BEIJING (AP) — Asian stocks followed Wall Street higher on Monday after strong U.S. hiring data coupled with scant wage gains suggested a possible recession might be further away, but also that inflationary pressures are weakening.
Tokyo's benchmark gained almost 2%. Shanghai, Hong Kong and Seoul also rose.
Wall Street's benchmark S&P 500 index leaped 1.5% on Friday, putting it on the verge of entering what traders call a “bull market” after rising nearly 20% in seven months.
Government data on Friday showed employers hired more people than expected in May but wage gains are slowing. That suggests the economy is strong but upward pressure on inflation might be weakening, reducing the need for the Federal Reserve to cool business activity with more rate hikes.
“Markets appear poised to ride last week’s upward momentum as bubbly risk appetite finds a comfort pillow in hopes for a U.S. soft landing,” Stephen Innes of SPI Asset Management said in a report.
The Nikkei 225 in Tokyo advanced 1.9% to 32,124.17 and the Shanghai Composite Index added less than 0.1% to 3,232.80. The Hang Seng in Hong Kong gained 0.7% to 19.078.22.
The Kospi in Seoul was 0.6% higher at 2,616.25 and the S&P ASX 200 in Sydney jumped 1.2% to 7,232.10.
Singapore and Jakarta gained. Markets in New Zealand and Thailand were closed for holidays.
On Wall Street, the S&P 500 rose to 4,282.37. The Dow Jones Industrial Average rallied 2.1% to 33,762.76 and the Nasdaq composite gained 1.1% to 13,240.77.
Industrial companies, energy producers and banks rose. Exxon Mobil advanced 2.3% as prices for crude oil climbed on hopes that a resilient economy would burn more fuel.
The Labor Department’s monthly jobs report showed a slowdown in wage increases even though hiring strengthened.
While that may discourage workers who are trying to keep up with rising prices, investors believe slower wage gains will mean less upward pressure on inflation.
Unemployment also rose by more than expected last month, moving up to 3.7% from a five-decade low. That implies a bit more slack in the job market and seems to conflict with hiring data, which come from a separate survey.
Following the report, traders were largely expecting the Fed to hold interest rates steady at its next meeting in two weeks. If it does, that would be the first time it hasn’t hiked rates in more than a year.

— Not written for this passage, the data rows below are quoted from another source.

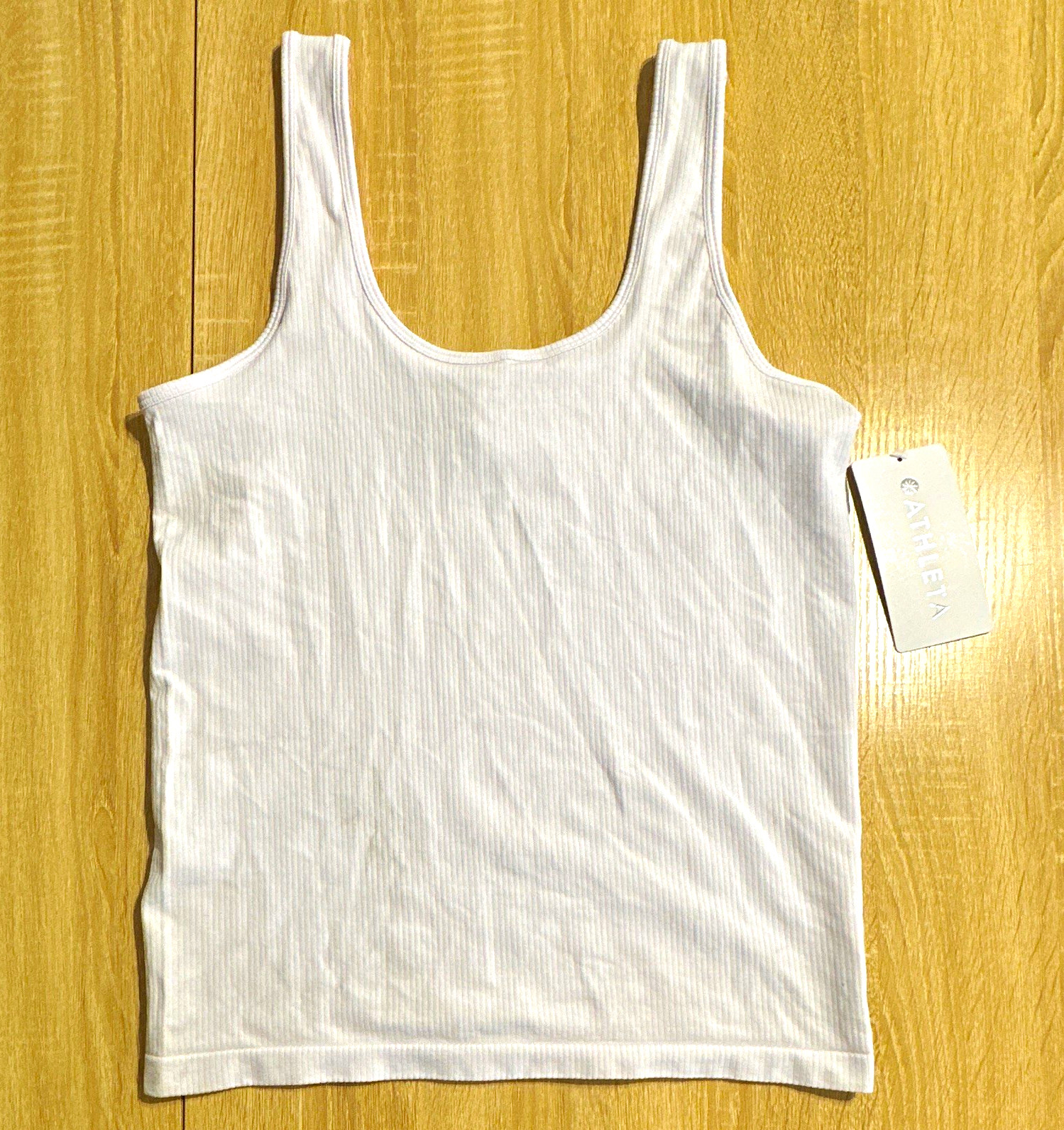 Athleta Renew Seamless Scoop Tank Women’s L White Ribbed Breathable Slim Fit Athleta Renew Seamless Scoop Tank Women’s L White Ribbed Breathable Slim Fit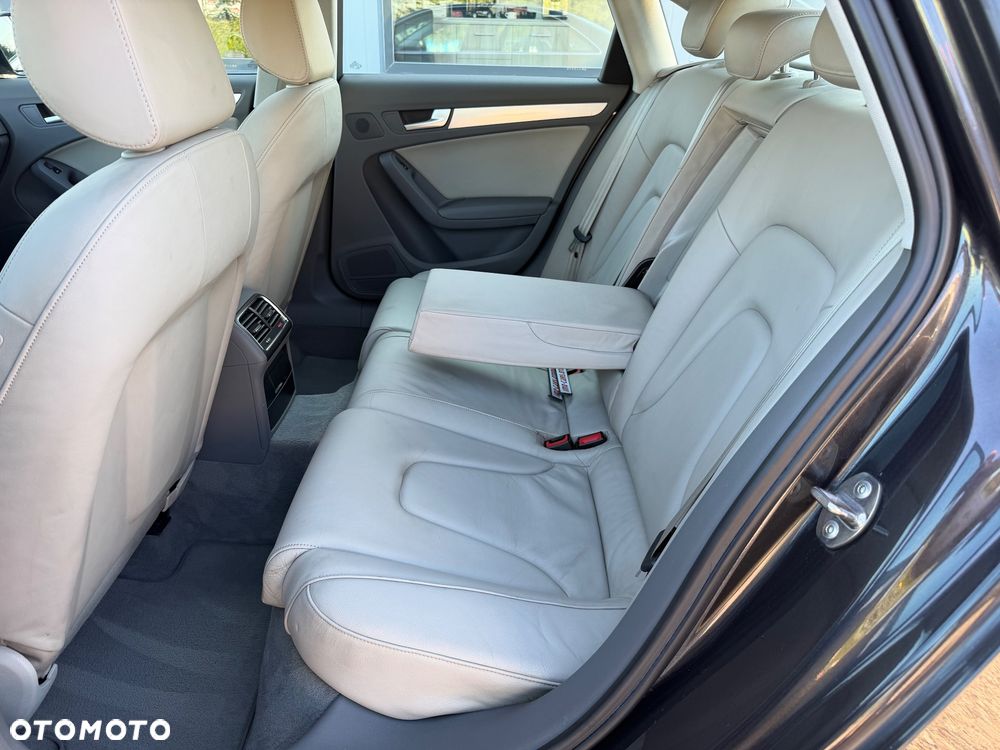 Audi A4 Limousine - 9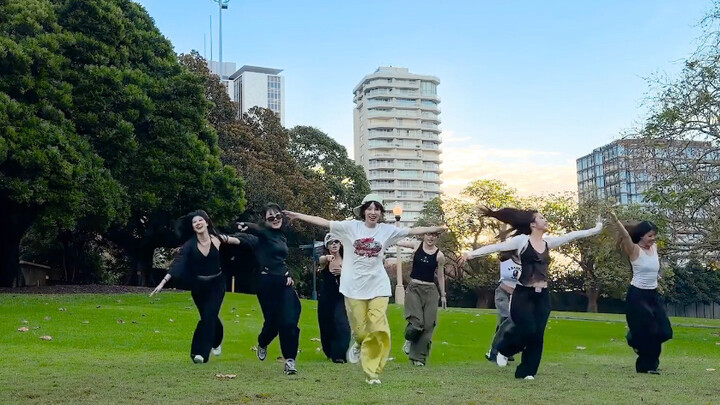 Yujqi shared a city dance video from Sydney.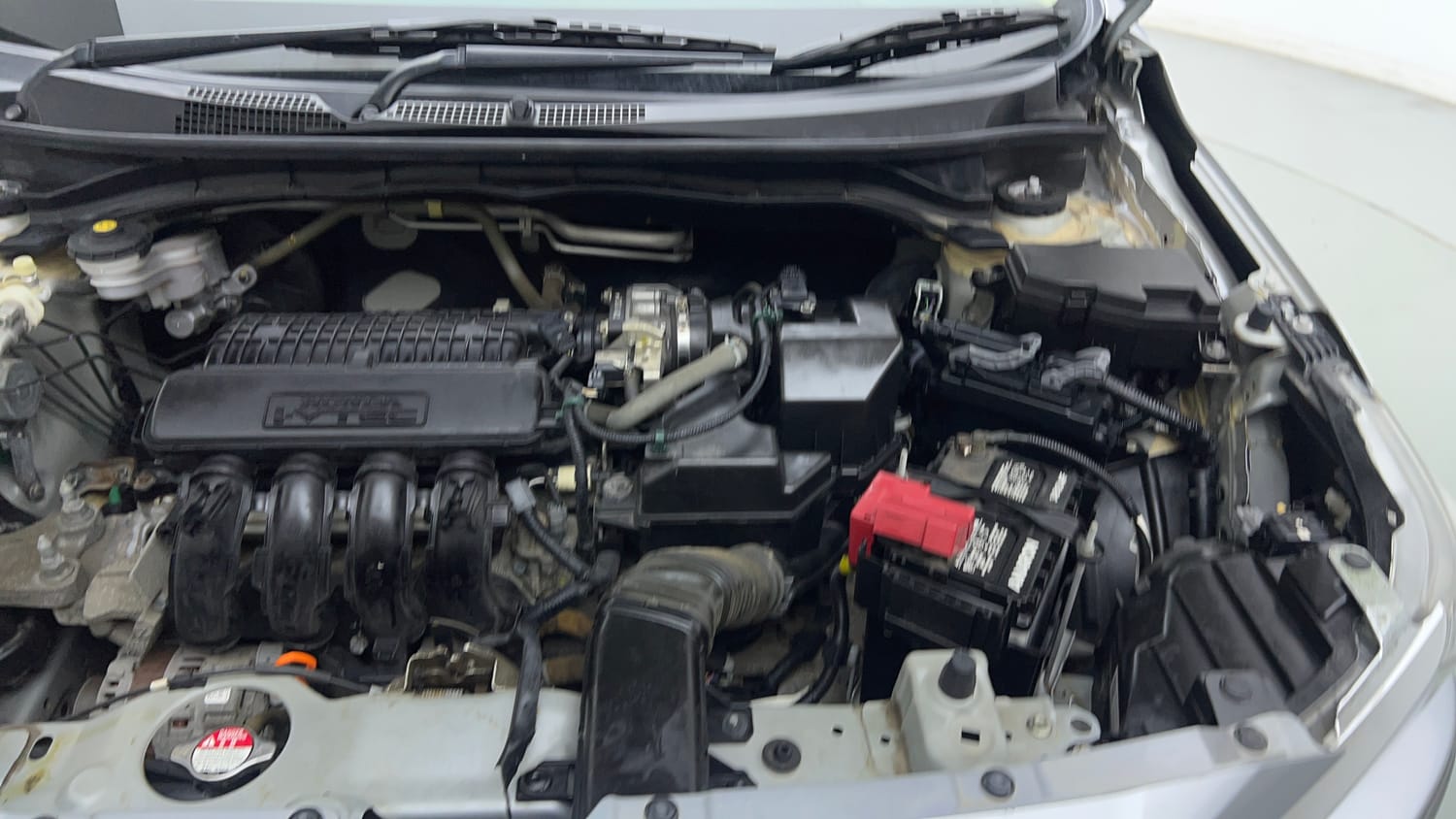 Used 2023 Honda Amaze S 1.2 Petrol CVT Petrol Automatic engine ENGINE LEFT SIDE VIEW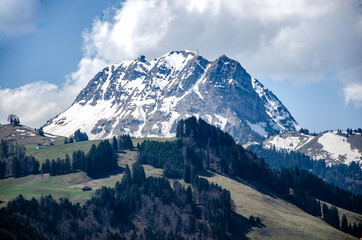 Vista de la montaña del Moleson, en los alpes suizos.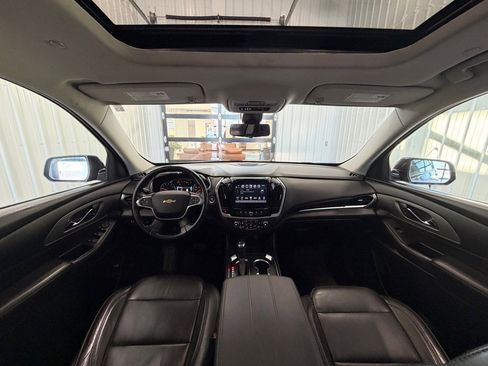 Used 2019 Chevrolet Traverse RS image 20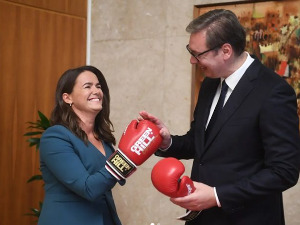 Новаковој боксерске рукавице, Вучићу кошаркашка лопта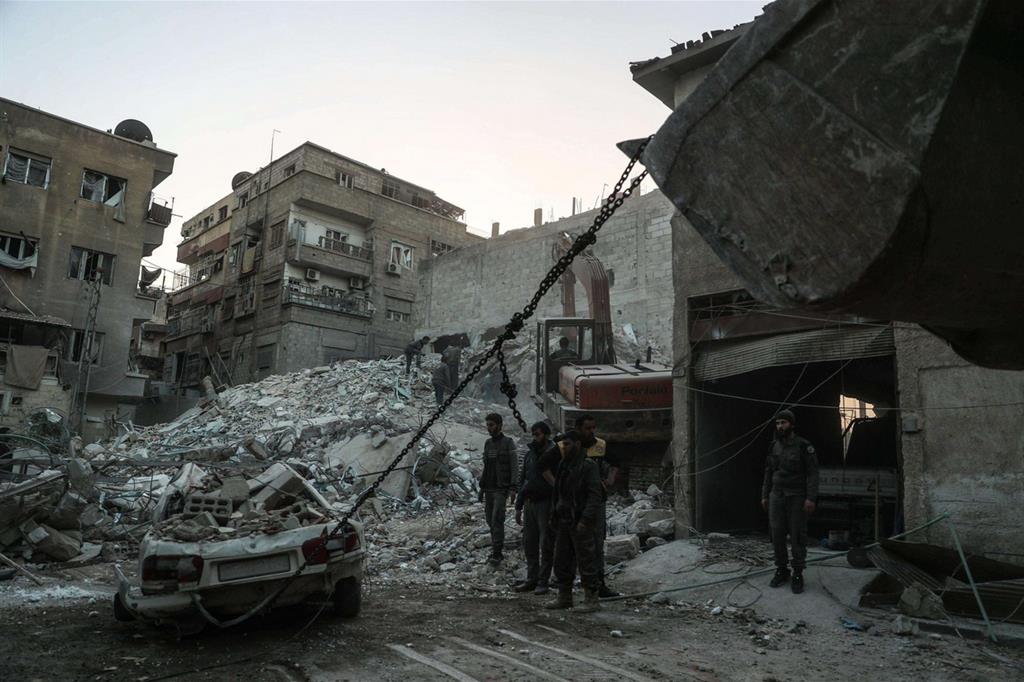 Le macerie di un edificio crollato nei bombardamenti nella zona della Ghuta (Ansa)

Higher rates have also hurt many smaller and mid-sized banks, in part because customers have pulled deposits in search of higher interest at money-market funds.
Several high-profile bank failures since March have shaken the market, leading Wall Street to hunt for other possible weak links. Several under the heaviest scrutiny rallied following the jobs report. PacWest Bancorp leaped 14.1%, for example, to trim its loss for the year to 66.6%.
But Fed officials have also warned recently that a pause on rate hikes in June wouldn’t necessarily mean the end to hikes.
In energy markets, benchmark U.S. crude rose 94 cents to $72.68 per barrel in electronic trading on the New York Mercantile Exchange. The contract gained $1.64 on Friday to $71.74. Brent crude, the price basis for international oil trading, advanced 85 cents to $76.98 per barrel in London. It added $1.85 the previous session to $76.13.
The dollar rose to 140.07 yen from Friday's 139.94 yen. The euro fell to $1.0701 from $1.0712.